Wherever an image appears in the data, omit it and copy all the remaining text word for word.

= Raw data =
----
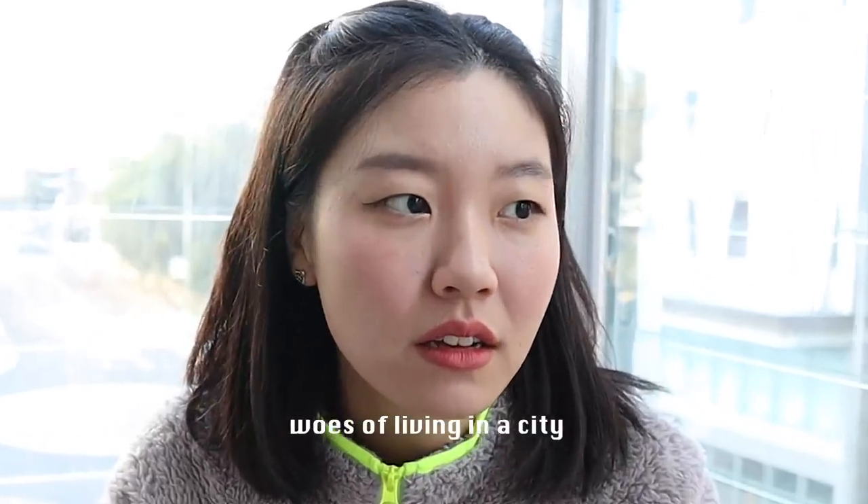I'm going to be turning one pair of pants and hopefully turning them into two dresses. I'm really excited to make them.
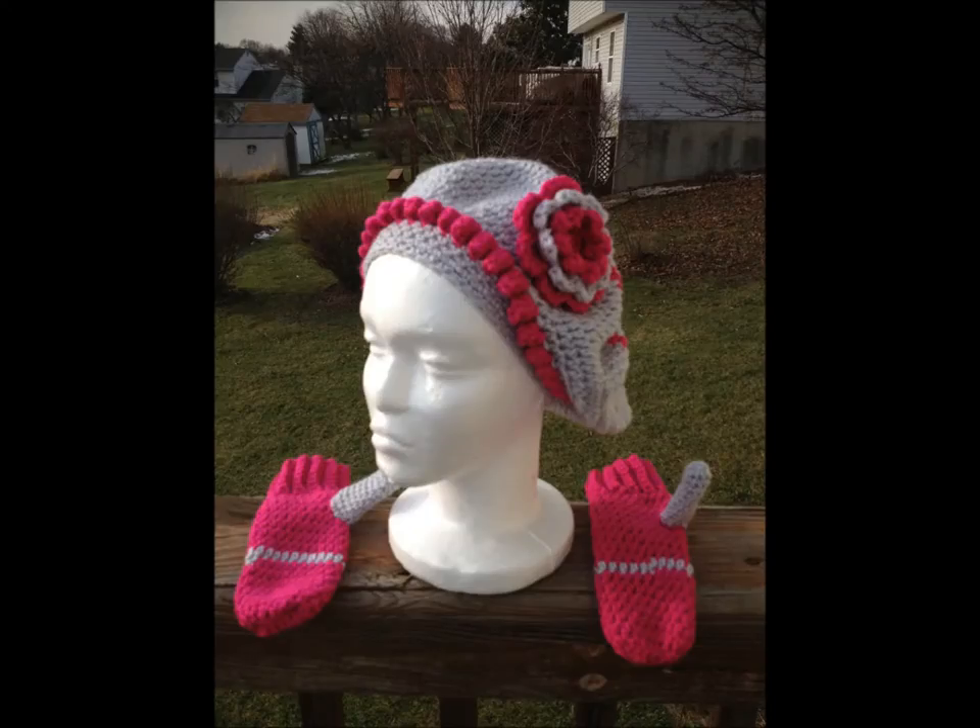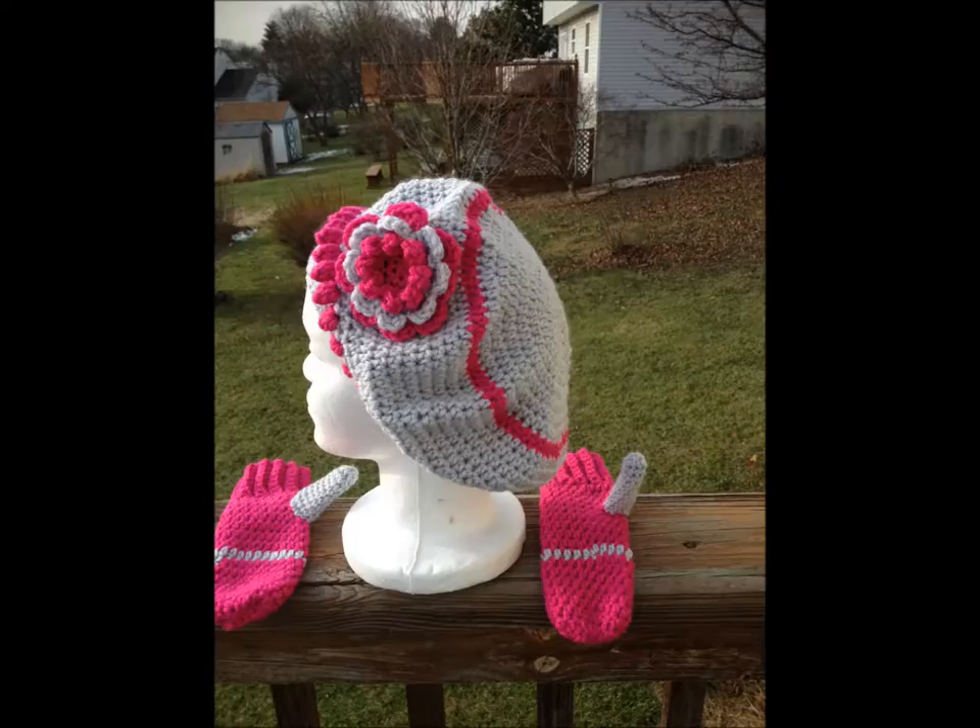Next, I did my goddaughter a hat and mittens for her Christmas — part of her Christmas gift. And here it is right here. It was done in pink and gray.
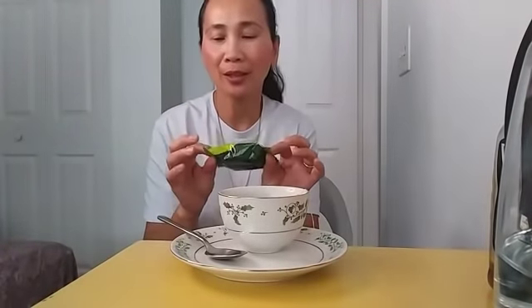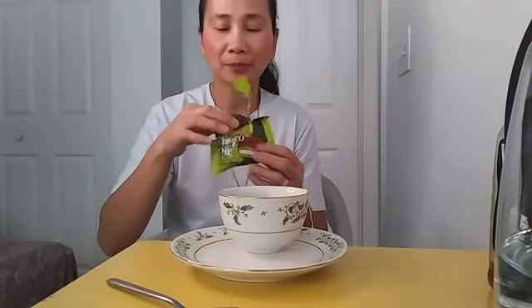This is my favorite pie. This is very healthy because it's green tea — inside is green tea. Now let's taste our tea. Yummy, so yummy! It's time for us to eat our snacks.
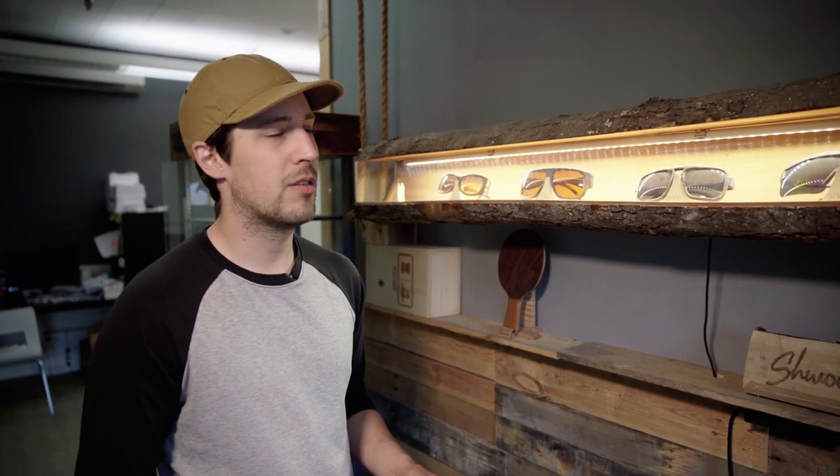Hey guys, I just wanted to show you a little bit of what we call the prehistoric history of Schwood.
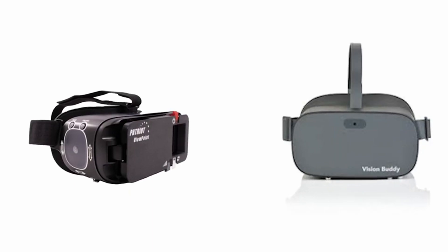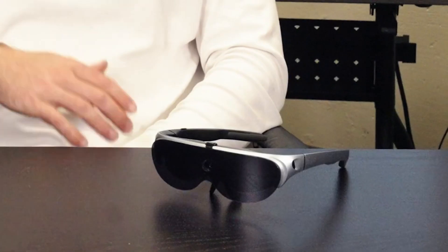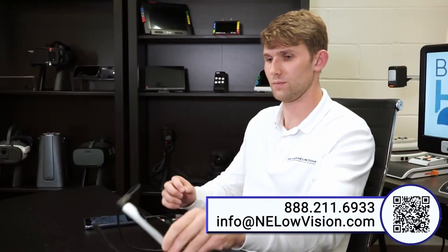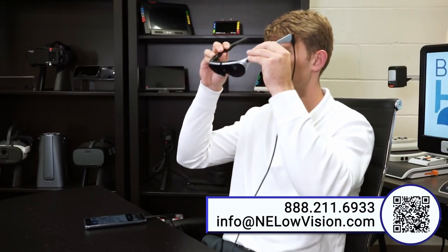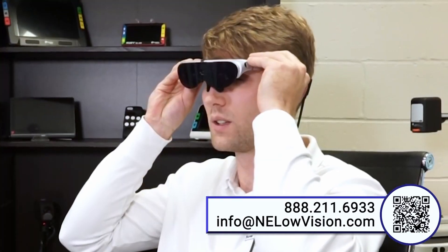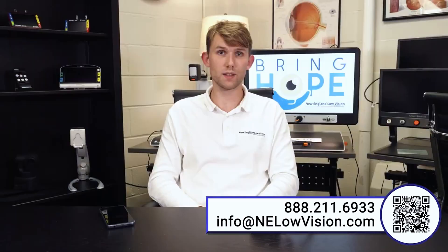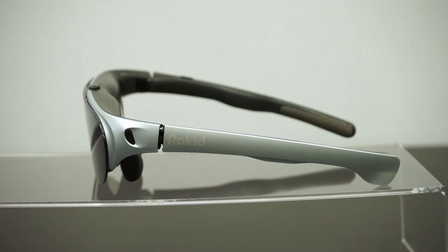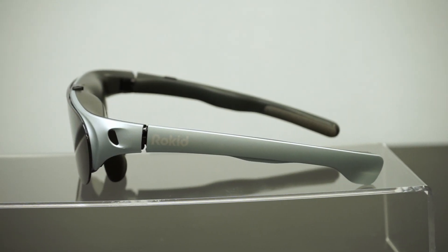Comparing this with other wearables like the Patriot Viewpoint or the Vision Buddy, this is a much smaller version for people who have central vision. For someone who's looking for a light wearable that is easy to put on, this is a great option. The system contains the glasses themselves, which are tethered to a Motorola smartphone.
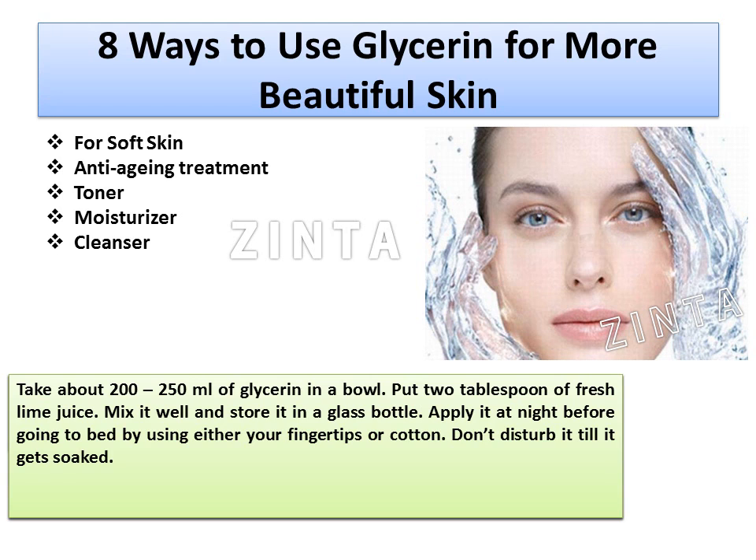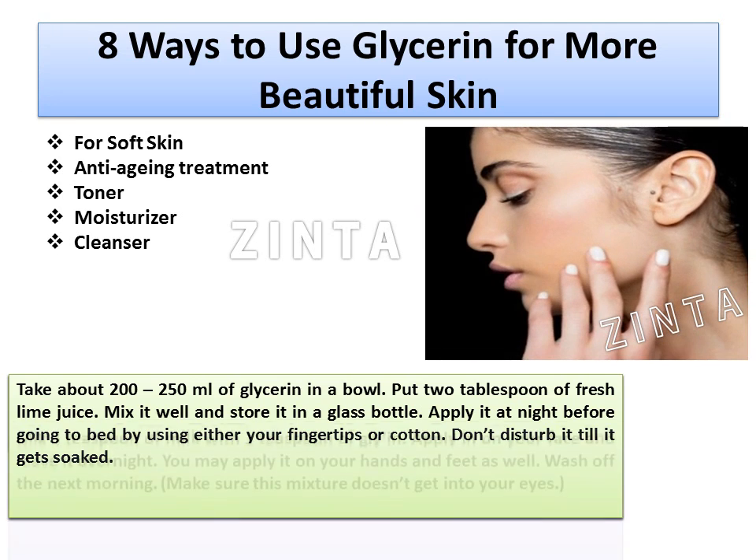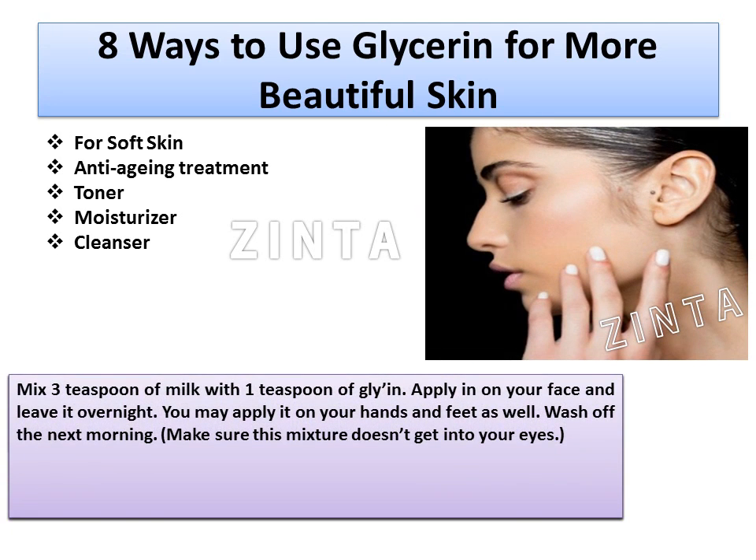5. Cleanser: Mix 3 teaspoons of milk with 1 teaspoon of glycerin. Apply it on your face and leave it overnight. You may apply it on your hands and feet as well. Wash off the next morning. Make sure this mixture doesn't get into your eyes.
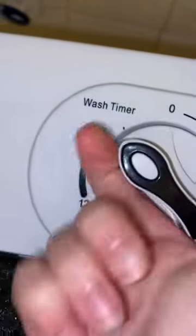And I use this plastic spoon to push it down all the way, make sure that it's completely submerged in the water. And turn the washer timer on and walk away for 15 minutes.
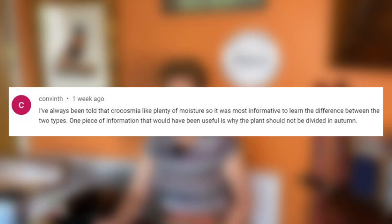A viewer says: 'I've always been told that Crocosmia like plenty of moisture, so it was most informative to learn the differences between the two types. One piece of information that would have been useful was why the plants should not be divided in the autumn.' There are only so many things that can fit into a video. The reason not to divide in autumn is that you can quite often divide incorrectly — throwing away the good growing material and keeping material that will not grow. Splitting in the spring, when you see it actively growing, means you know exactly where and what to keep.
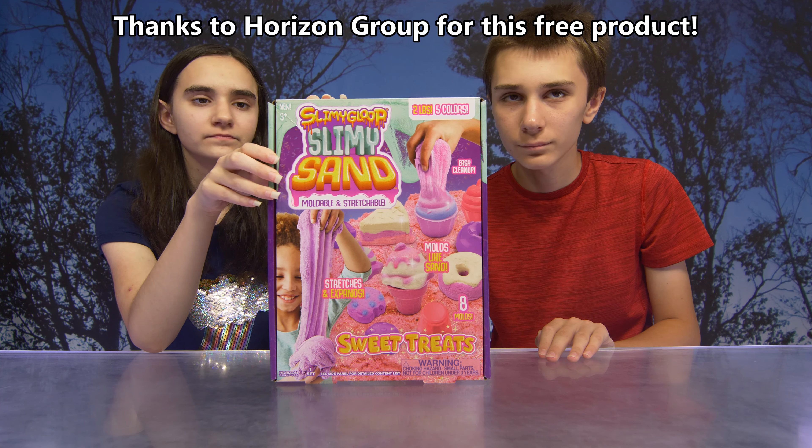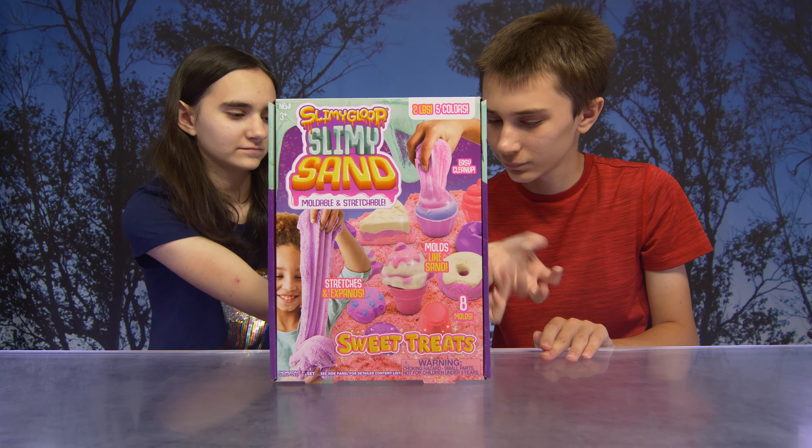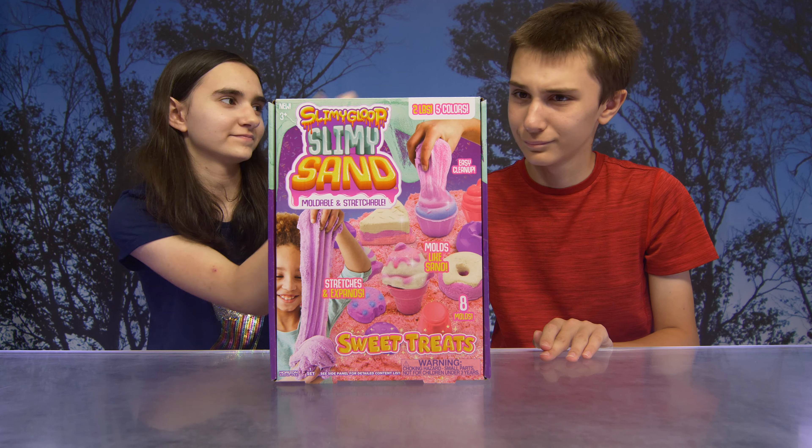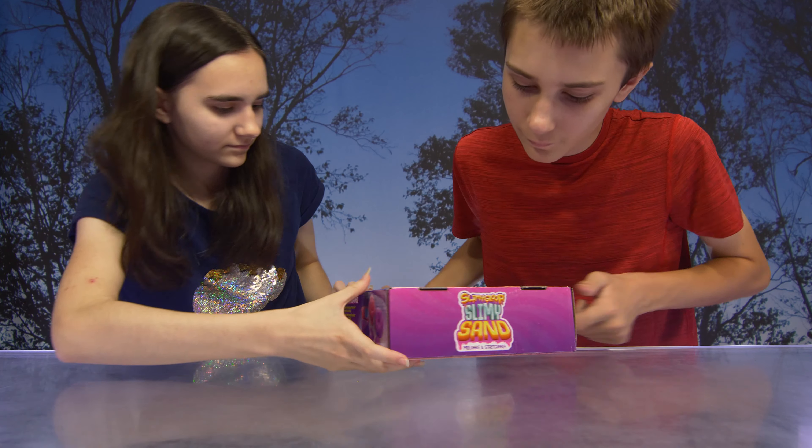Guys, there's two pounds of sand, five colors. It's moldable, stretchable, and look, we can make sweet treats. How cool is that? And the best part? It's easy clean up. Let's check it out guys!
----
= Solution to this problem =
I'm going to be turning one pair of pants and hopefully turning them into two dresses. I'm really excited to make them.
Next, I did my goddaughter a hat and mittens for her Christmas — part of her Christmas gift. And here it is right here. It was done in pink and gray.
This is my favorite pie. This is very healthy because it's green tea — inside is green tea. Now let's taste our tea. Yummy, so yummy! It's time for us to eat our snacks.
Hey guys, I just wanted to show you a little bit of what we call the prehistoric history of Schwood.
Comparing this with other wearables like the Patriot Viewpoint or the Vision Buddy, this is a much smaller version for people who have central vision. For someone who's looking for a light wearable that is easy to put on, this is a great option. The system contains the glasses themselves, which are tethered to a Motorola smartphone.
5. Cleanser: Mix 3 teaspoons of milk with 1 teaspoon of glycerin. Apply it on your face and leave it overnight. You may apply it on your hands and feet as well. Wash off the next morning. Make sure this mixture doesn't get into your eyes.
And I use this plastic spoon to push it down all the way, make sure that it's completely submerged in the water. And turn the washer timer on and walk away for 15 minutes.
A viewer says: 'I've always been told that Crocosmia like plenty of moisture, so it was most informative to learn the differences between the two types. One piece of information that would have been useful was why the plants should not be divided in the autumn.' There are only so many things that can fit into a video. The reason not to divide in autumn is that you can quite often divide incorrectly — throwing away the good growing material and keeping material that will not grow. Splitting in the spring, when you see it actively growing, means you know exactly where and what to keep.
Guys, there's two pounds of sand, five colors. It's moldable, stretchable, and look, we can make sweet treats. How cool is that? And the best part? It's easy clean up. Let's check it out guys!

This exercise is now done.